A number of thought leaders have testified in one way or another about the reality beyond science. Vannevar Bush, who had an illustrious career as a scientist and administrator and who has been called the "father of the modern computer," has stated that "Science proves nothing absolutely. On the most vital questions, it does not even produce evidence." [1] The noted astronomer Sir Arthur Stanley Eddington, in referring to the areas of meaning beyond science, observed:

Natural law is not applicable to the unseen world behind the symbols, because it is unadapted to anything except symbols, and its perfection is a perfection to symbolic linkage. You cannot apply such a scheme to the parts of our personality which are not measurable by symbols any more than you can extract the square root of a sonnet. [2]

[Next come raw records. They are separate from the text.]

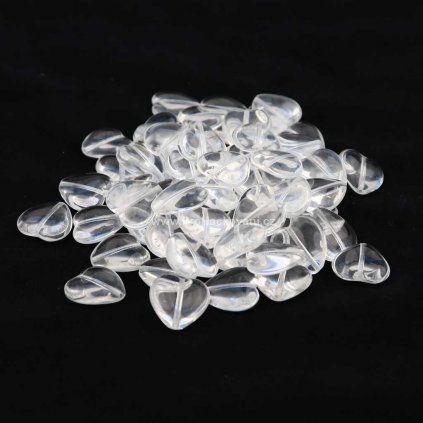 Korálek skleněný srdce 15 x 16 mm křišťál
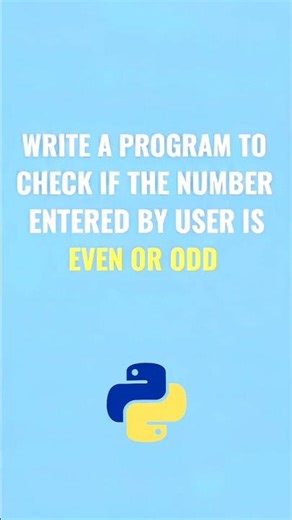 find even or odd program in python. #coding #python #cs #shorts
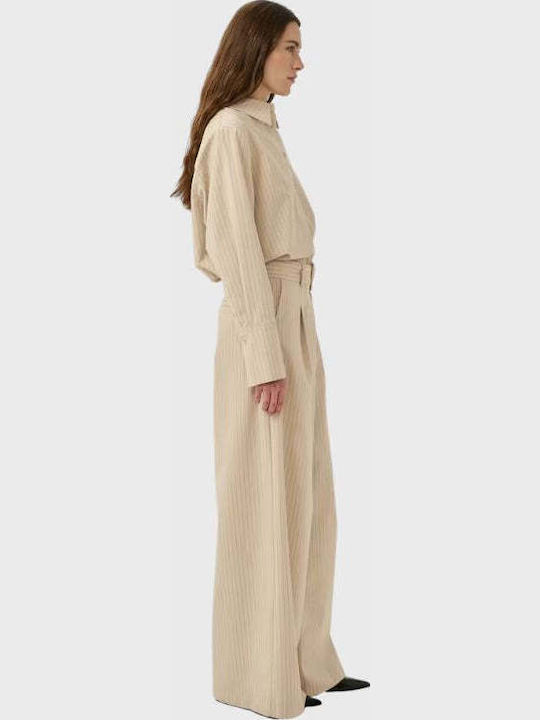 Women's Fabric Trousers in Wide Leg Style Striped Brown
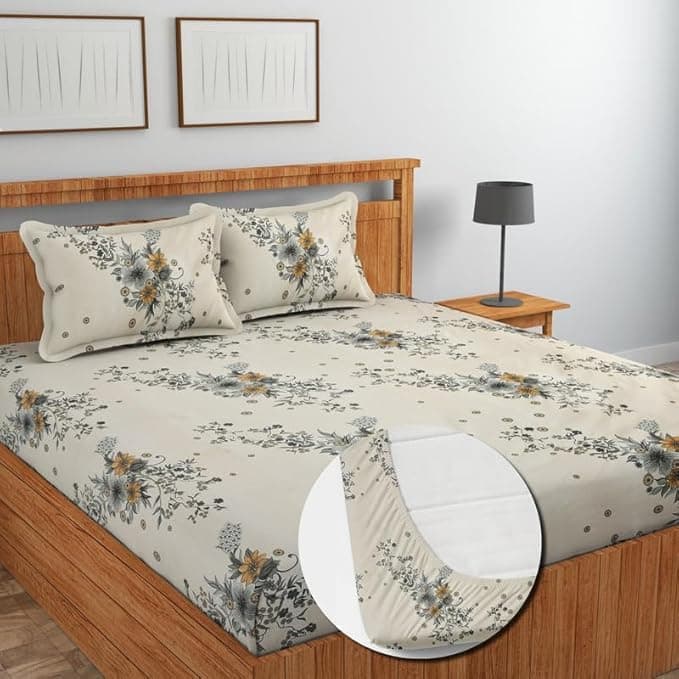 Premium Cotton Elastic Fitted Bedsheets with 2 King Size Pillow Covers | Double Bed with All Around Elastic 220 TC Supersoft |Size-72 King Sizex78+10 inches | Floral Multicolour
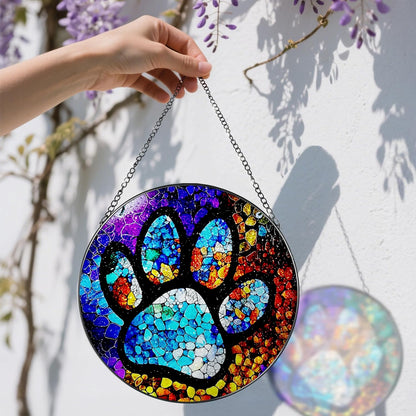 Stained Glass Window Hanging, DOUHASU Pet Memorial Suncatcher Ornament, Dog Memorial Gifts for Loss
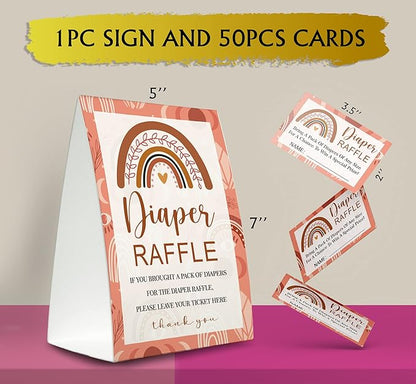 Diaper Raffle Sign,Diaper Raffle Baby Shower Game Kit (1 Standing Sign + 50 Guessing Cards) Diapers-N12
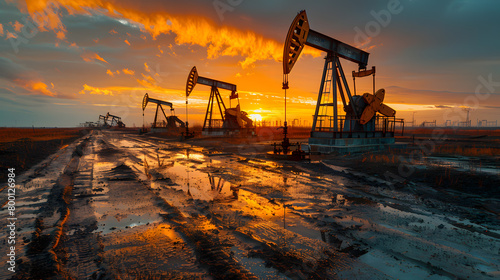 the oil pump in the sunset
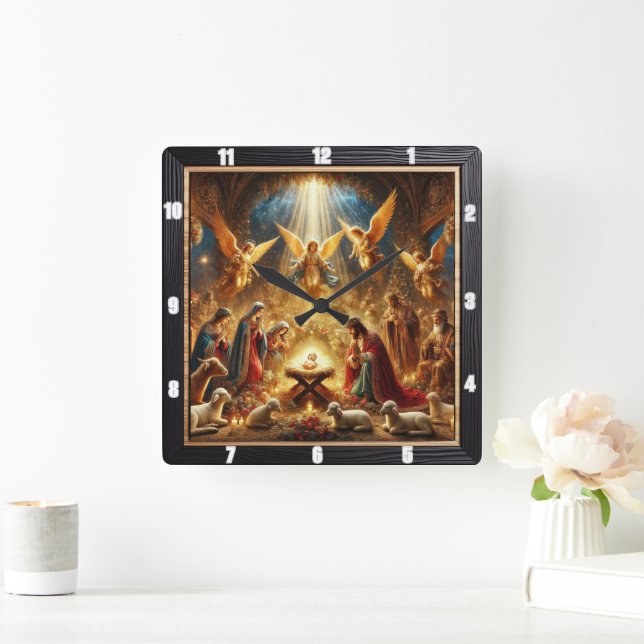 Nativity Angels Adore Christ Square Wall Clock (Home)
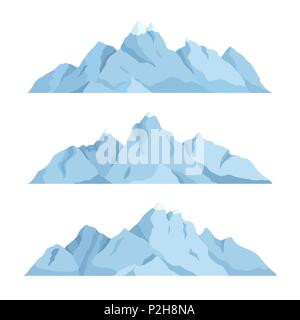 Big mountain set, vector illustration Stock Vector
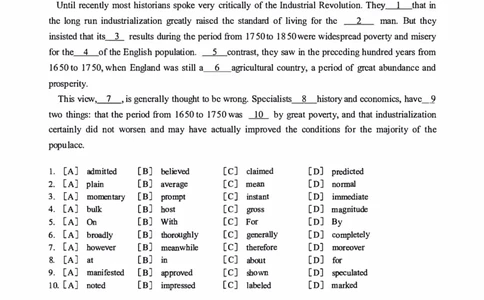 1998-2009年考研真题合集（一键打印版）(1)_❤️1.1980-2009年考研英语真题及解析(英语一二通用）_01、真题部分（英语一二通用）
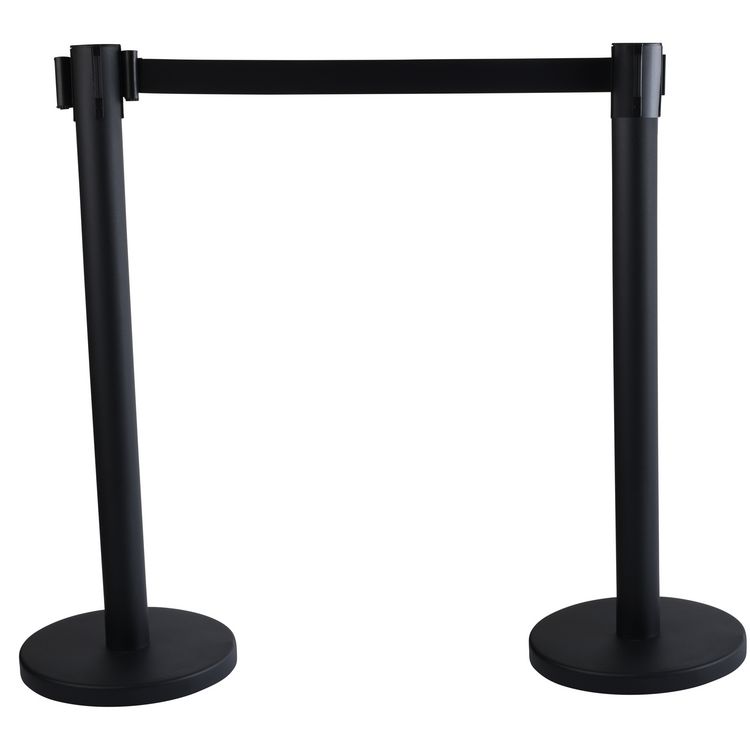 Tatco Economy Crowd Control, Assorted Materials, 14" x 35" x 9 ft 6", Black, 2/Carton (TCO16600)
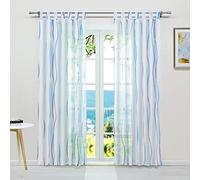 ESLIR Rideaux avec passants, Rideaux, Voile transparent à motifs ondulés, Bleu, l140 x H225 cm, 1 pièce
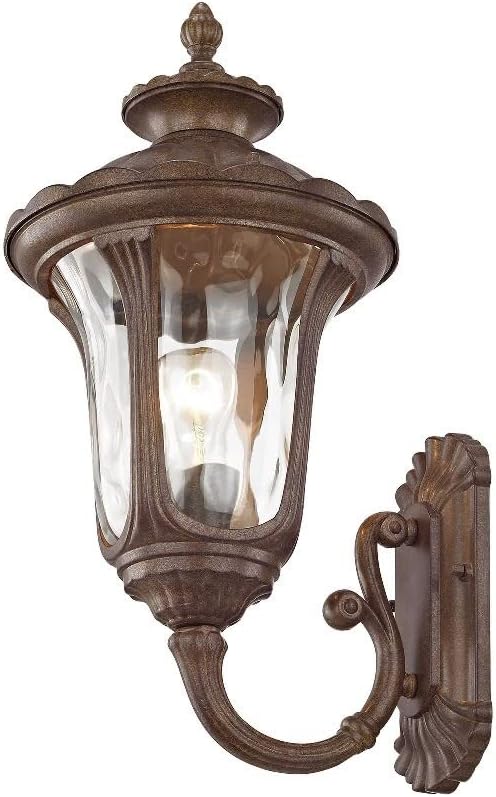 Livex Lighting 7652-58 Oxford 1 Light Imperial Bronze Cast Aluminum Wall Lantern with Light Amber Water Glass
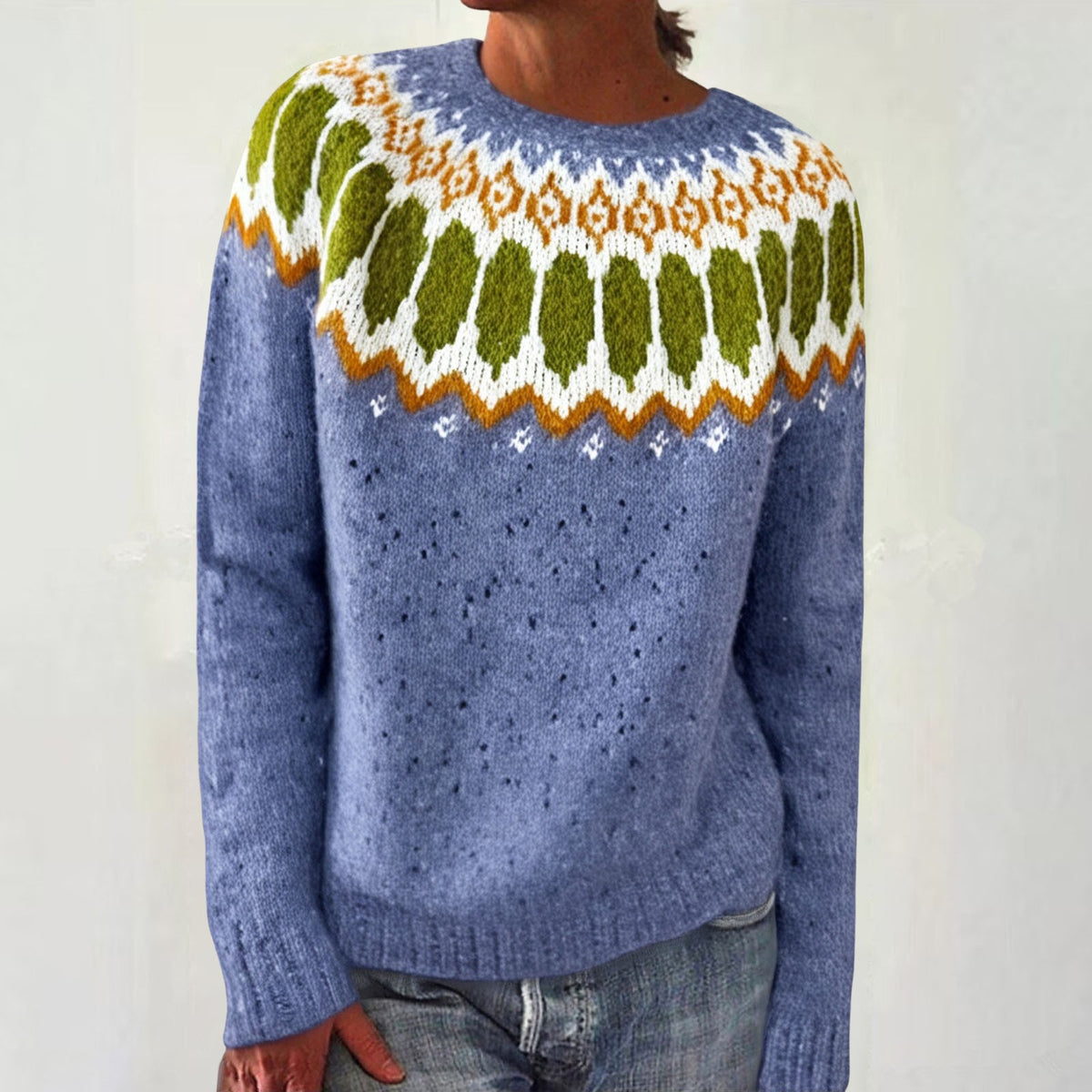 Women's Round Neck Multicolor Loose Fashion Pullover Sweater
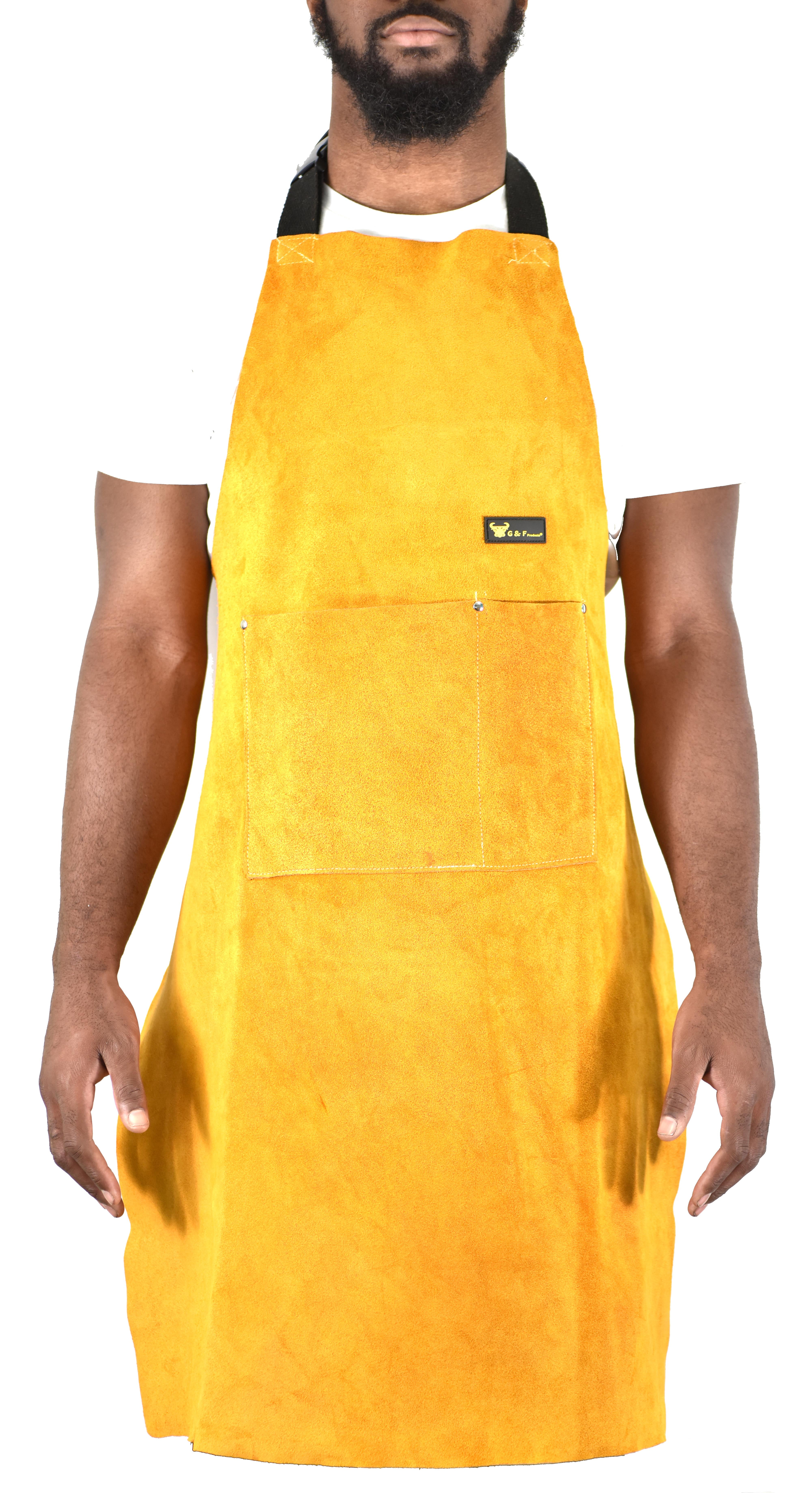 Leather Welding Apron Heat Flame Resistant Heavy Duty Work Apron with 2  Pockets, 36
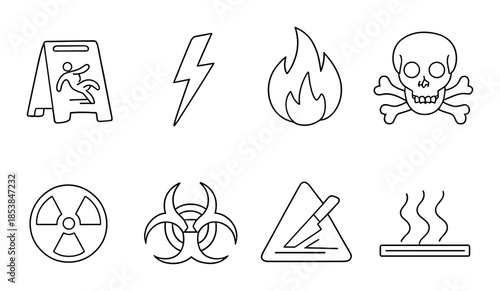 Safety hazard icons: radiation, fire, biohazard, skull, wet floor, lightning, sharp objects, smoke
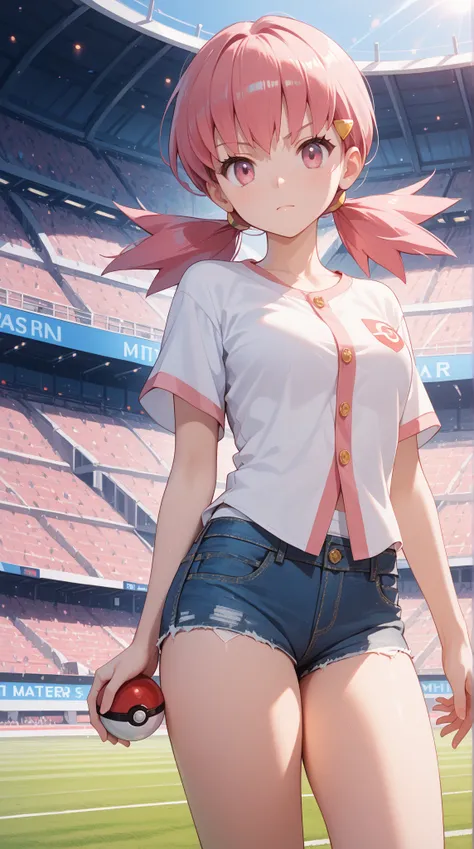 1girl, Score_9, Score_8_up, Score_7_up, Score_6_up, Score_5_up, Score_4_up, best quality, masterpiece, ultra-detailed, high quality,good quality,1girl,(master piece,high resolution, ultra detailed,8K,16K),

stadium, holding pokeball,  

, looking at viewer...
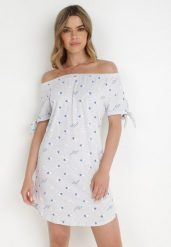 Jasnoszara Sukienka Hermusa. Szare sukienki damskie Born2be, z aplikacjami, z bawełny, bez ramiączek. Za 79.99 zł.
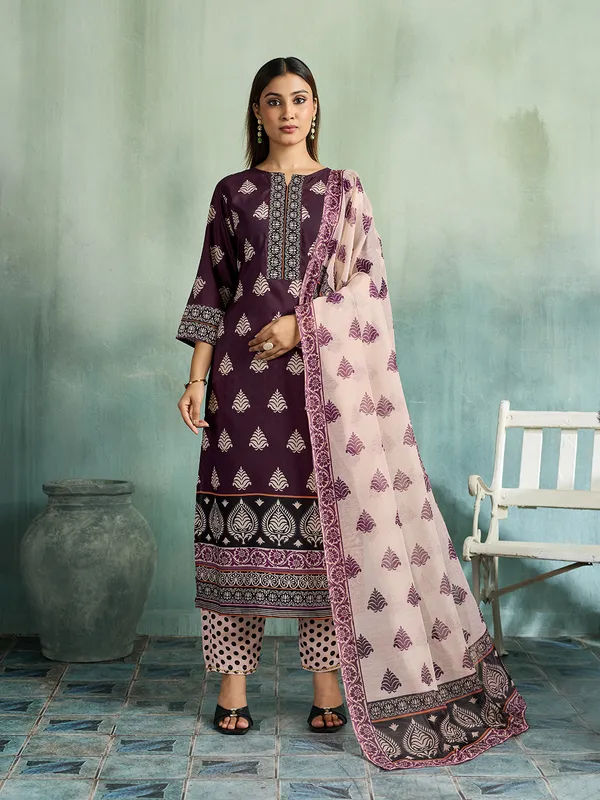 Purple_Cotton_Blend_Floral_Print_Straight_Kurta_Pant_Dupatta_Set_For_Women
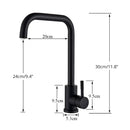 Matte black & brushed nickel kitchen faucet with curved spout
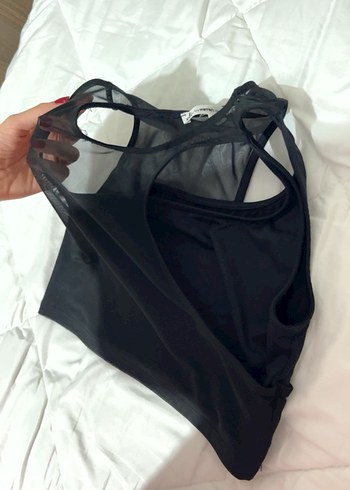 Siyah transparan  Mini Crop Top - Görsel 2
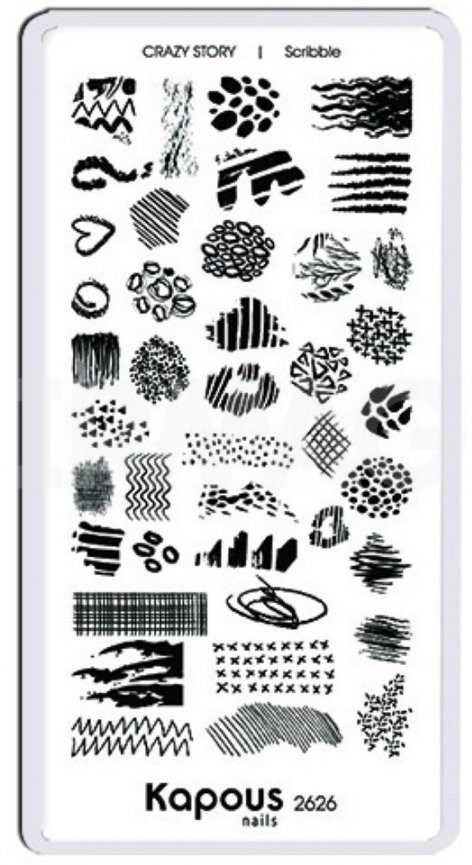 Пластина для стемпинга «Scribble» | Crazy story | Kapous Professional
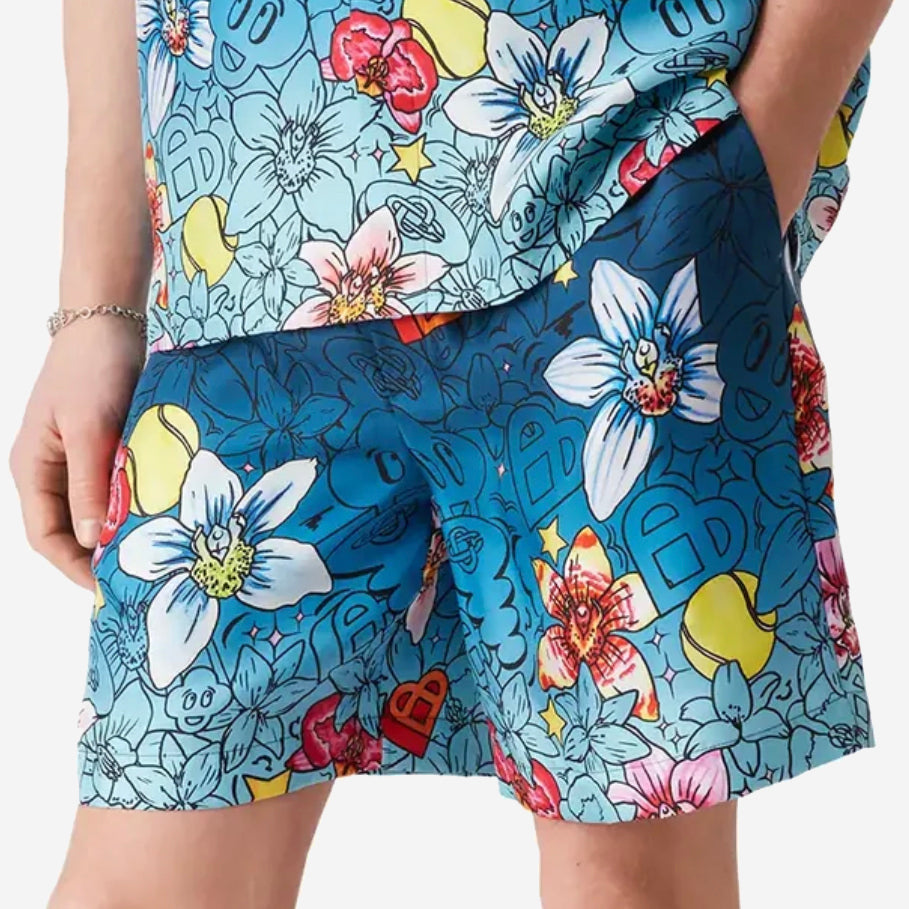 Casablanca Collage D'Icones Graphiques Silk Shorts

The famous mathematician-philosopher Arthur North Whitehead emphasizes the limitations of scientific explanation by pointing out that "Scientists animated by the purpose of proving that they are purposeless constitute an interesting subject for study." [3] Physician-author Oliver Wendell Holmes described the relation more graphically when he quipped, "Science is a first-class piece of furniture for a man's upper chamber, if he has common sense on the ground-floor." [4] Last century, as the theory of evolution was being developed, Alfred Russel Wallace, whose ideas of biological evolution closely paralleled those of Charles Darwin, pointed out that man's mental nature, i.e., his moral and intellectual capacities, could not have been developed by the laws of natural selection. [5] The philosopher Huston Smith states the problem more directly: "In envisioning the way things are, there is no better place to begin than with modern science. Equally, there is no worse place to end...." [6] These words eloquently emphasize some of the limitations and the patent incompleteness of science.

The expression "scientific world view" can suggest a contradiction in terms, because science gives only a partial view of reality, and its value as an explanatory system is limited. Any wholistic world view must account for those areas of experience beyond naturalistic explanations. Tempting as it may be, we should not reduce truth to our own simplistic level of understanding. Truth must look beyond science for many explanations. That is where God comes in.

FOOTNOTES

[1]Vannevar Bush, 1967, Science is not enough, William Morrow & Co., New York, p. 27.

[2]Arthur Stanley Eddington, 1929, Science and the unseen world, George Allen & Unwin, London, p. 33.

[3]Quoted by J.W.N. Sullivan, 1933, The limitations of science, Mentor Books, p. 126.

[4]Oliver Wendell Holmes, 1872, The poet at the breakfast-table, Hough, Mifflin & Co., Boston & New York, p. 120.

[5]Wallace's ideas on man's uniqueness are expounded in: (a) Alfred Russel Wallace, 1870, Contributions to the theory of natural selection, especially chapter 10 "The limits of natural selection as applied to man," Macmillan & Co., London, and (b) 1889, Darwinism: an exposition of the theory of natural selection, Macmillan & Co., London.

[6]Huston Smith, 1976, Forgotten truth: the primordial tradition, Harper & Row, New York, p. 1.